The question is not one of moral perfection, but of moral improvement. It is a step in the right direction.
If we can seek to regulate war in terms of morality, there is no reason such morality cannot be equally applied to the economy, as Walzer indicates. When faced with illegal or immoral orders, it is the duty of professional soldiers to refuse such orders. When such a refusal occurs, it is followed by thorough investigations, and potentially courts-martial or war crimes prosecutions for those who issue such orders. In the case of the former Wells Fargo employees, the opposite occurred. Imagine the moral and societal hazard if the military permitted such retaliation against those who reported illegal and immoral behaviors.
The principles of a moral economy would seek to curb the market’s more harmful excesses while preserving its societal benefit. Developing fair and just principles to guide a more moral understanding of capitalism may provide a pathway to a more equitable distribution of income and wealth, one that creates more perfect outcomes for society at large.
While the immoral economy has provided advantages to some, it has also stained society and humanity in ways that we are beginning to collectively deem to be unacceptable. The task then is to develop and implement principles of a moral economy which serves the greater good of society.
In a “just” economy, venture capitalists would consider the collateral damage (layoffs, defaulted retirements, etc.) that may result from their actions in the same way that military commanders must consider whether the use of a certain weapon in proximity to civilians would be discriminate and proportional. Chief executives would begin to care for their employees and their families the same way that professional military commanders care for their troops and their families. The promise of these outcomes, and society’s growing dissatisfaction with the current reality, makes this a conversation worth having.

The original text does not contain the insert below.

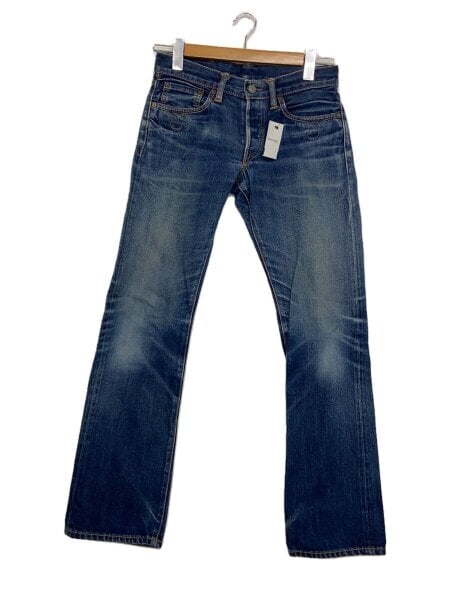 RRL(ダブルアールエル) / SLIM BOOT CUT/28/コットン/インディゴ/SLIM 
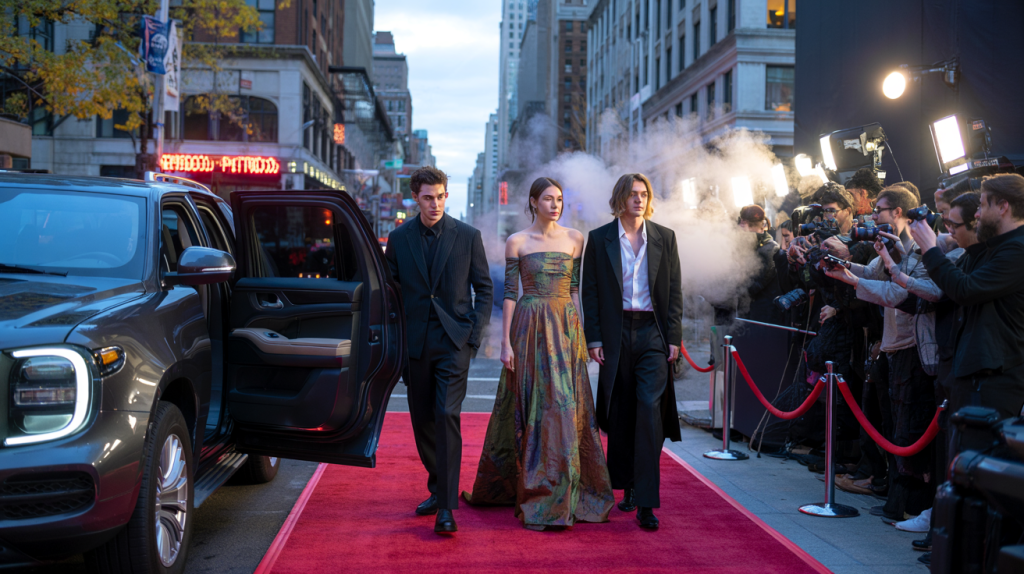 Gotham Awards 2025 tapis rouge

Some might argue that we already have laws and regulations to perform these functions, but these have, at times spectacularly, failed to maintain the market as a truly neutral, free, and fair space. In a theoretical sense, law should approximate the normative ideal in the real world. Yet, in economic thought we have no normative ideal, no foundational morality. We have economic ideals derived from market theory, but these are not tempered by a coherent set of ethical ideals, allowing the market’s worst excesses, and resulting in many of the morally troubling outcomes produced by the economy. We need better laws and regulations, but first we must establish a foundational morality to guide their development.
To demand moral perfection or to succumb in the face of seeming futility is to turn our backs on what can be achieved by acknowledging both the ideal and the limits of reality. Applied ethics guide our interactions in the world as it exists while nudging us incrementally closer to the normative ideal and the world we seek to create.
War is inherently unjust, but the Just War Ethic has made it more just. The economy is not moral, but a foundational ethics of the economy could make it more moral. The product of such ethics would be decidedly imperfect, but it would be better than no ethics at all.